The women that incessantly blow up our phones with stories of a relationship going down the drain, the date that could’ve actually passed as a prank, or the guy that friend-zoned them when their emotions and the throbbing feeling in their vaginas told them otherwise – we all know them. They’re our best friends and we’re the advice gurus. Ninety percent of my friends turn to me when they need help and can’t decide if it’s time to execute Plan B or carry on with Plan A. I’m the girlfriend who keeps her phone on when she goes to bed in the event Bestie #1 has an emotional emergency over her boyfriend or if my homegirl from around the way needs to vent at 1a.m.
Being available to my friends’ needs has never been an issue to me; I actually take pride in being that friend that’s “always there”, but lately, I’ve become slightly irritated at the two-hour phone calls and the back-and-forth text messages that lead me to believe I’m going to end up with arthritis, with the women who do exactly what I said not to do. I have never understood the point in coming to someone for help if you were going to do what you wanted to anyway.
Ahh, the good ol’ adage, you can lead a horse to water but you can’t make him drink. Do I sound like a parent?

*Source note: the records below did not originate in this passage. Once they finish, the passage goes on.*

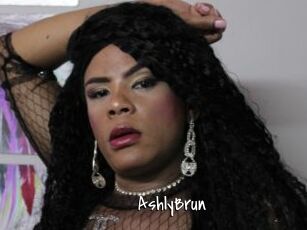 AshlyBrun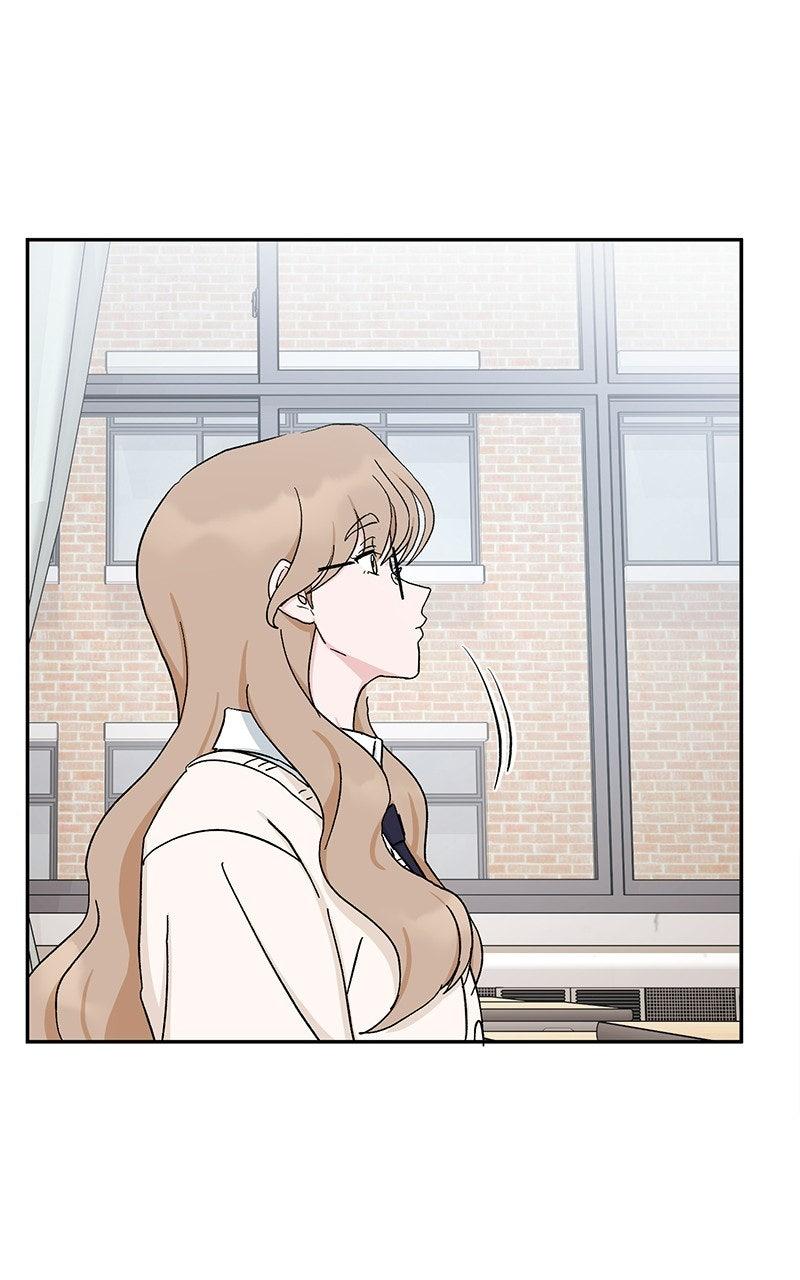 Read Tiki Taka EN Manga Online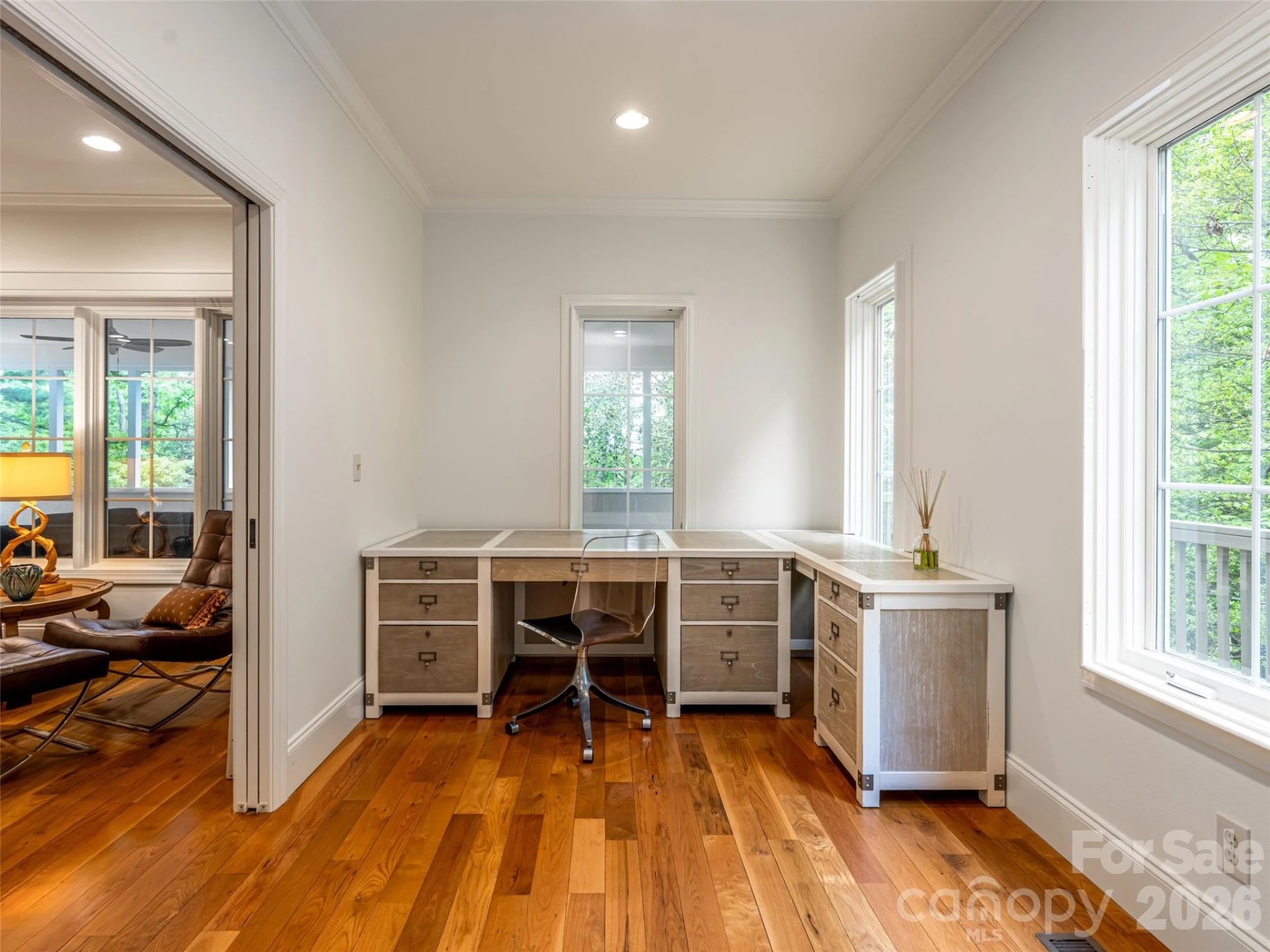 307 Braeside Court - Photo 16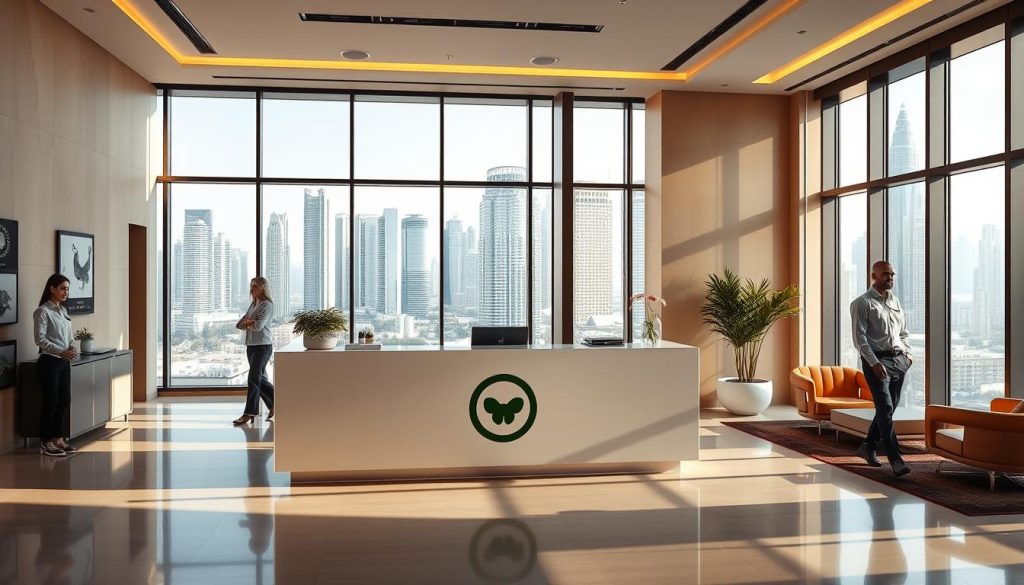 pest control companies dubai pest control companies dubai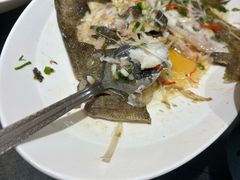 -箪食巷私房菜馆·鲁菜(玉函路店)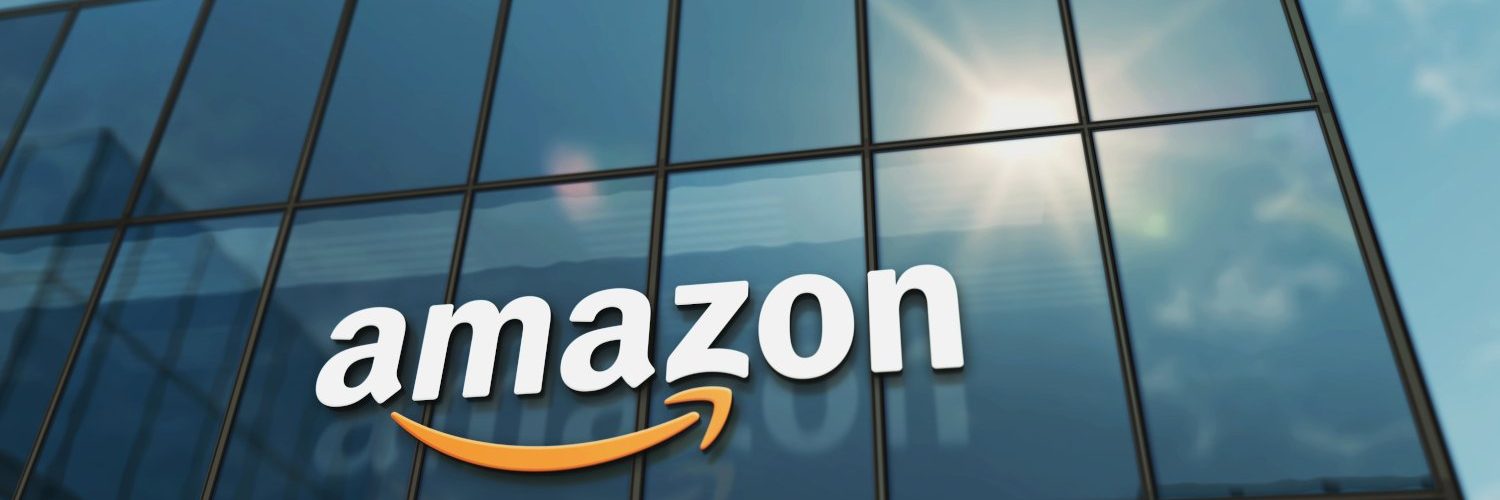 Critics Slam Amazon’s ‘Water Positive’ Pledge as Data Centers Strain Local Resources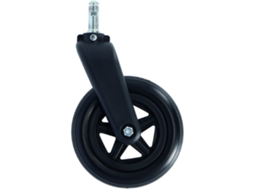 Roda XLC Buggy Mono Duo
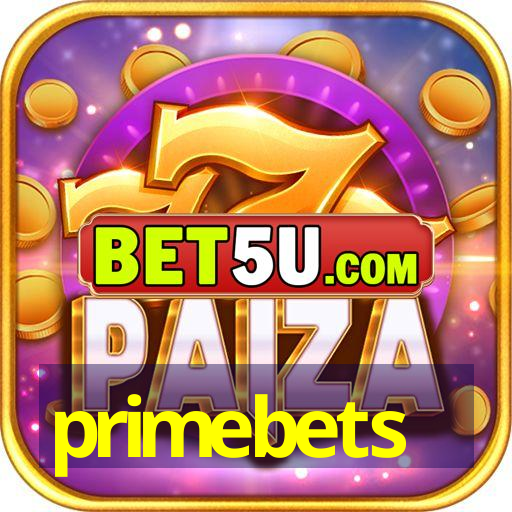 primebets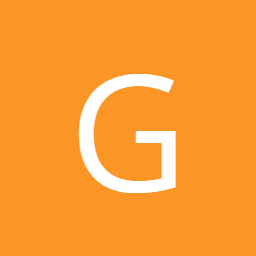 Galina Korobeynikova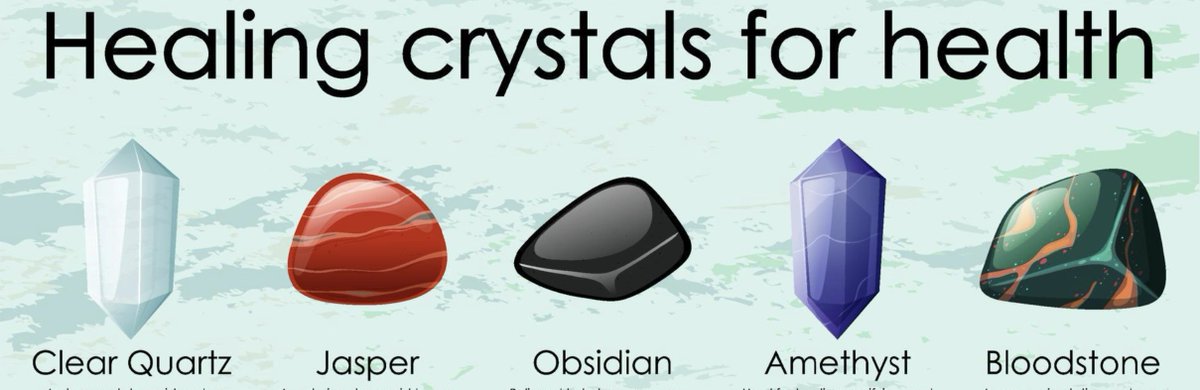 Gematria Club tweet media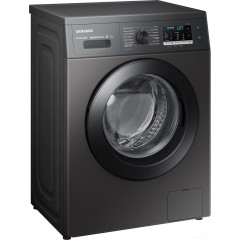 Стиральная машина Samsung WW70A5S21KX/LP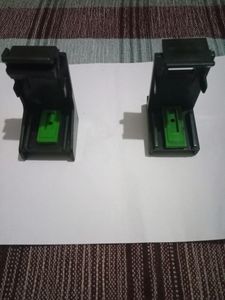 Ink Suction Tool For Cartridge & Nozzle Cleaning For Printer Cartridge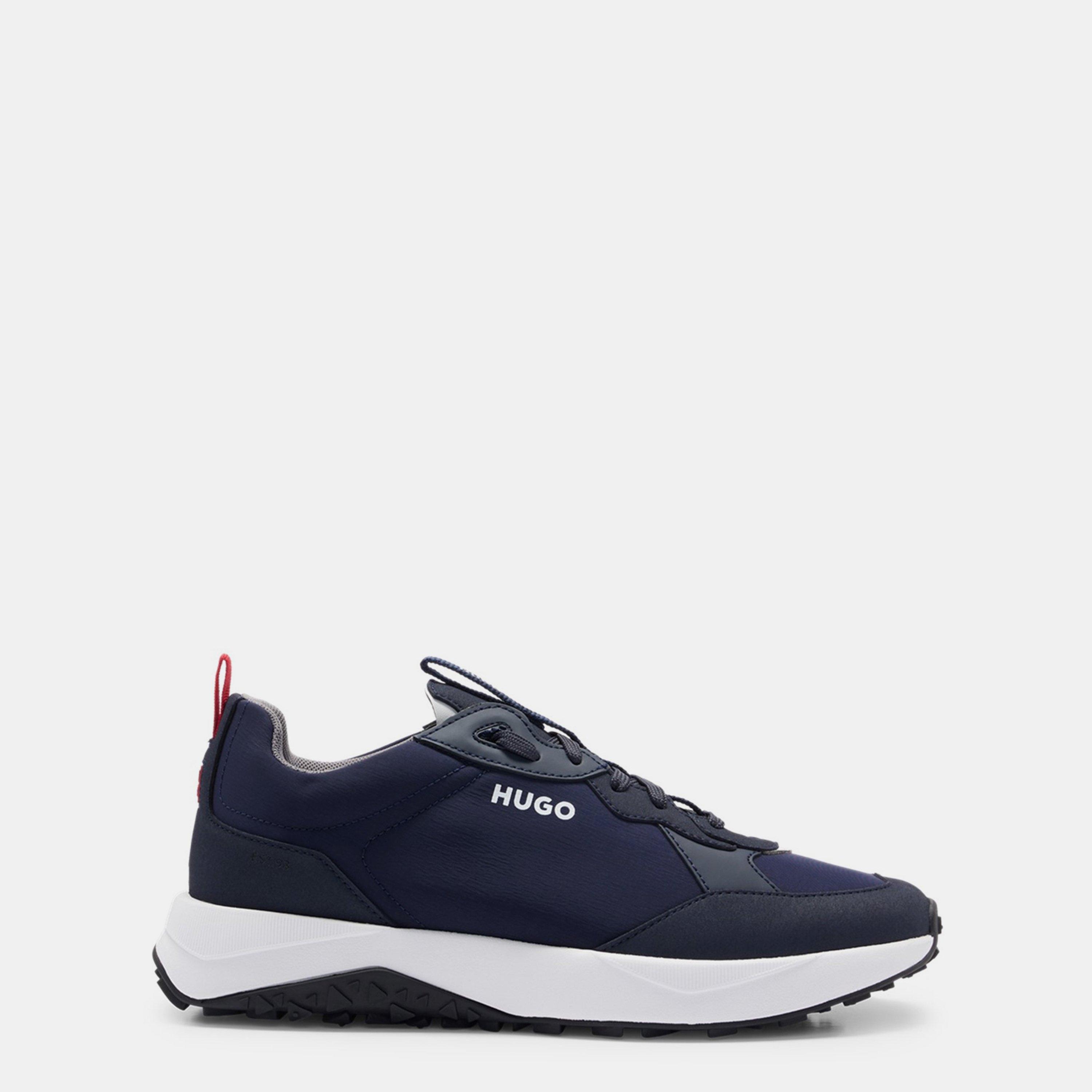 Men's Kane Runners
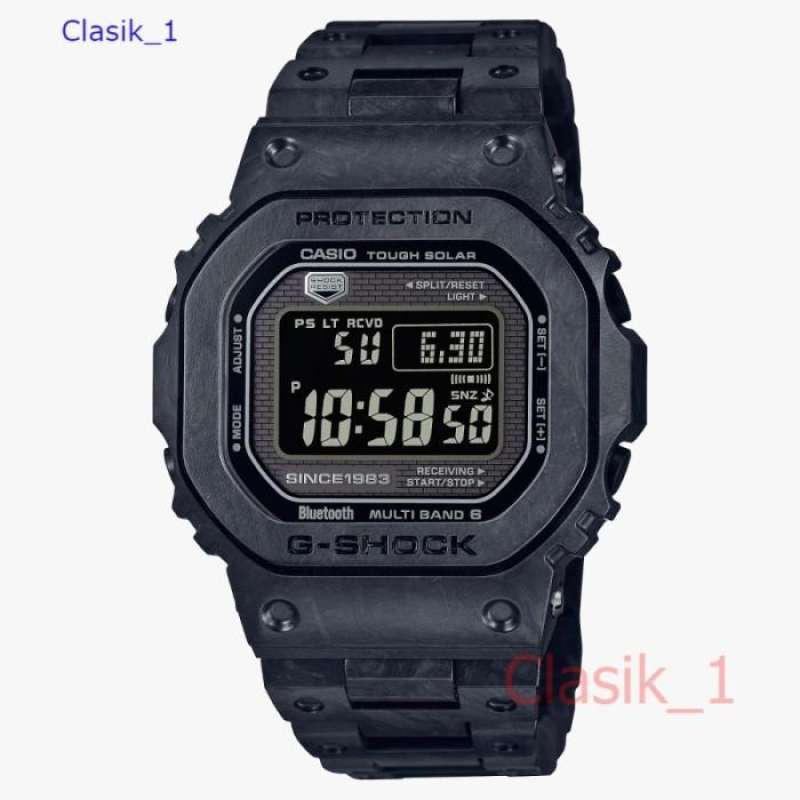 Jual casio g shock shop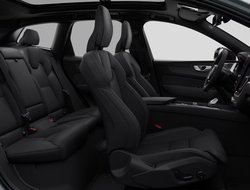 XC60 T8 PHEV Signature Edition GEWERBE!!!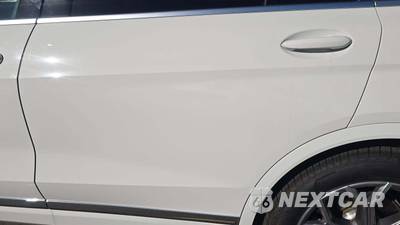 2024 BMW X7 Sports Activity Vehicle xDrive40i - zdjęcie 23 z 23 - miniatura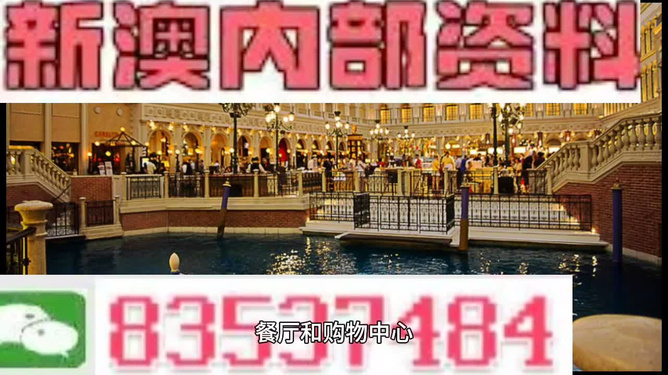 第409頁(yè)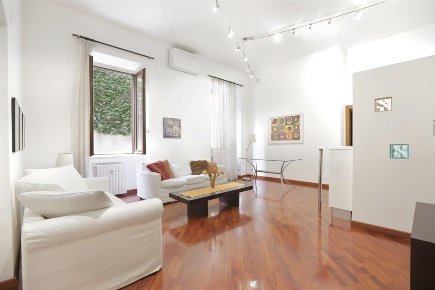 Foto Appartamento in Via Stradella, Milano Buenos Aires di 47 m² in affitto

I remember all of the advice my mother dished out about boys and school and doing the total opposite. I heard her but playing with fire sounded better. I wouldn’t dare come home with news to my mother I was pregnant but that didn’t stop me from having sex as an adolescent. I knew the importance of getting good grades but there was an indescribable thrill in cutting school to chill with the girls. I found fun in danger and doing what I wasn’t supposed to, excited me – until the report card came in the mail. Until pinky promises and hearts got broken. Until laments outweighed laughter.
Why do we partake in the very things we know aren’t good for us and complain about the results later? Warning labels with side effects are present and in clear view for us to see, yet we consume and indulge in people, situations, energies, anyway.
It may not be right away, it may not be today, but see, eventually you’ll learn what it is your mother, grandmother, girlfriend told you all along. When we fall, no one will be there to hold our hand to hit the ground with us. When the pie hits our faces, the people we see when we look up are the people who reminded us, prevention is better than the cure. But ‘tis life; we have to learn on our own.
I’m not writing this to say to you (or my girlfriends reading), stop bombarding and badgering your best friends with questions and/or advice but I am writing this to tell you to live your life how you see fit. Do what works for you. How I kept my man may be how you lose yours. How I maintain my household may be what creates chaos within yours. You can receive all the advice you can get from people and pamphlets but if the plan is for you to leave that relationship, that job, that city, there’s nothing that you do that can save you from that.
You’re going to do what you want to do regardless of what your friend tells you but more importantly, you’re going to do what’s destined to happen to you anyway. I’m a good friend but not an advice guru. That’s God’s title.